No estoy revisando los Palma de Oro. Sin proponérmelo, he vuelto a reencontrarme con otro de los premios pero no ha sido más que una coincidencia.
 
Veinticinco, treinta personas, reunidas en una sala para ver y comentar la película.
 
Uno de mis filmes fetiche. Desde que se estrenó en España, lo había puesto en un altar y ni se me pasó por la cabeza que mi impresión de ahora pudiese ser distinta. Pero lo ha sido. Y, entre espectadores enfervorecidos, neófitos la mayor parte, me he sentido un poco traidora. La cuestión es ¿a quién traiciono si la película ya no me apasiona como antes? ¿A mis compañeros? ¿Al director? ¿Al reparto completo? ¿Al cine? ¿Al arte en general? ¿O no soy yo, sino el tiempo transcurrido, el responsable de esa sensación inoportuna?

Puede que todo sea mucho más simple: cuando por los ojos de alguien han pasado tantas obras maestras necesariamente ha de poner el listón muy alto. Y París, Texas ha sido superada por ella misma, pues desde el momento que alguien contempla un producto magistral pide mucho más a todo cuanto ve después, incluido el propio producto.
 
Recordaba muy poco. El omnipresente desierto, un hombre, una mujer, una búsqueda, el diálogo interminable a través del cristal. Mi mente la había dividido en dos partes bien diferenciadas y un remate final. Eso lo encontré, pero apenas me quedaba noción del argumento. Tampoco había olvidado lo larga que era. No me perdono haber borrado al niño.
Pero la fotografía, sea porque la había enterrado ya, o bien porque su vigencia sigue siendo absoluta, me impresionó como pocas veces lo ha hecho una cámara de cine. Empezando por esa visión dramática y escultural del desierto que encabeza la narración y que continúa en el cuidado milimétrico de cada fotograma, en la acertada originalidad de muchos enfoques y, sobre todo, en el lenguaje de los gestos, en esos elocuentes primeros planos que retratan el pánico, la desesperanza, la miseria, la enajenación, el desamparo, la vergüenza, la inocencia, la reconciliación, la angustia y un infinito etcétera. Cada expresión es como un código del sentimiento que pretende expresar.

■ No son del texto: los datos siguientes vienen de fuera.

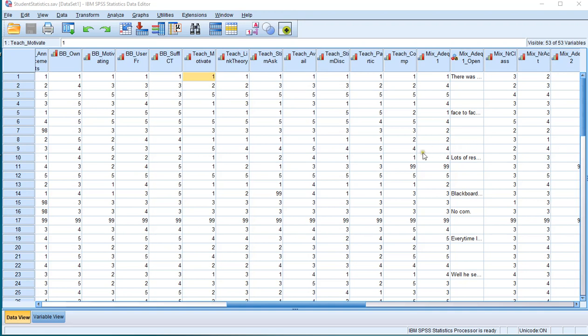Welcome! In this video I'm going to show you how to perform a Friedman test in SPSS using the Legacy Dialogues menu.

Contribuyen, por supuesto, un casting inmejorable y unas interpretaciones tan intachables como convincentes.
 
Soy un desastre para escuchar música en el cine. Cuando me encuentro lo suficientemente  inmersa en la trama y la banda sonora se adecúa a lo que se me está contando, ni siquiera soy consciente de que suena. A pesar de todas las alabanzas que ha recibido y sigue recibiendo, esta vez tampoco la escuché. Imperdonable, de acuerdo, pero muy buena señal por mi parte.
 
Bien, parece que hasta ahora todas mis impresiones fueron excelentes. ¿Por qué entonces ese asomo de decepción, esa tibieza que casi me avergüenza confesar? Según creo, y al margen de las explicaciones anotadas más arriba –que, mantengo mientras no se me ocurran otras– el guión, una vez superadas la sorpresa inicial y la fascinación por los elementos visuales y auditivos, cojea más de lo que parece.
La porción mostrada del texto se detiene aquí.